You spent $100,000 on a Tesla?

Oh, sorry.  Security will be extra:
Slack authentication in Tesla's Model S REST API exposes the electric car to a variety of non-safety but non-trivial attacks, according to a Dell engineer and Tesla owner.

In this post over at O'Reilly, Dell senior distinguished engineer and executive director of cloud computing George Reese says the “flawed” authentication protocol in the Tesla REST API “makes no sense”. Rather than using OAuth, Tesla has decided to craft its own authentication, which Reese unpicked.
Use a common security standard that's field proven?  Nah - let's make up our own.  It'll be awesome.
While the flaw doesn't offer access to any “operational” aspects of the car – like steering or brakes – the risks are still significant. An attacker could fool around with configuration settings, the climate control, the sunroof, open the charge port, and anything else supported by the API. Apart from tracking owners' movements, “there is enough here to do some economic damage both in terms of excess electrical usage and forcing excess wear on the batteries”, Reese notes.
Like I said, it'll be awesome.  RTWT for all the simply horrifying n00b mistakes that Tesla made.  There's more, so very much more.


lelnet said...

Honestly, from reading about the state of security in the car biz, it sounds like Tesla (wherein, at least according to this article, you definitely won't be able to use Bluetooth to remotely disable the brakes) is one of the _better_ ones.

Which just goes to show how sad things really are.

Rob K said...

I am constantly befuddled by programmers who roll their own implementation of something, when, if they'd take a few hours of research, there are great robust libraries available to do it.

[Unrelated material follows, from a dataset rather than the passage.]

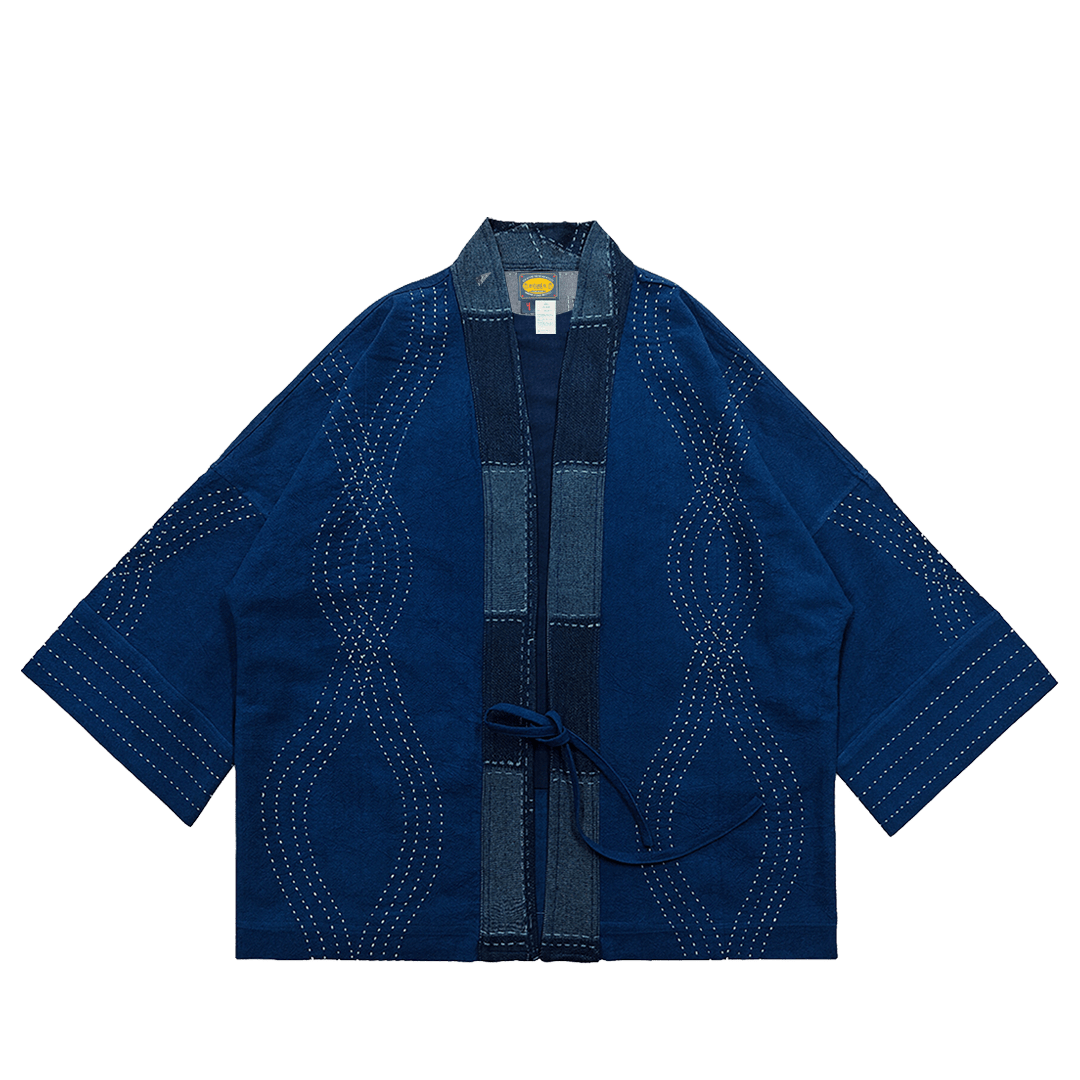 HANDMADE SASHIKO SHINKA - PATCHWORK HAORI JACKET(DR0070) - Nttitudoo MFG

Simply put, never roll your own unless you absolutely have no other choice.

Dave H said...

Agreed. If your boss has any money sense at all, he won't let you roll your own. I've tried, but it always came down to this:

Boss: "How much to buy it?"
Me: "$20 grand."
Boss: "And how long will it take you to do it?"
Me: "Nine months."
Boss: "Buy it."
Me: "But..."

Also, when you buy code from someone else, you can blame them when it breaks. That's worth a lot.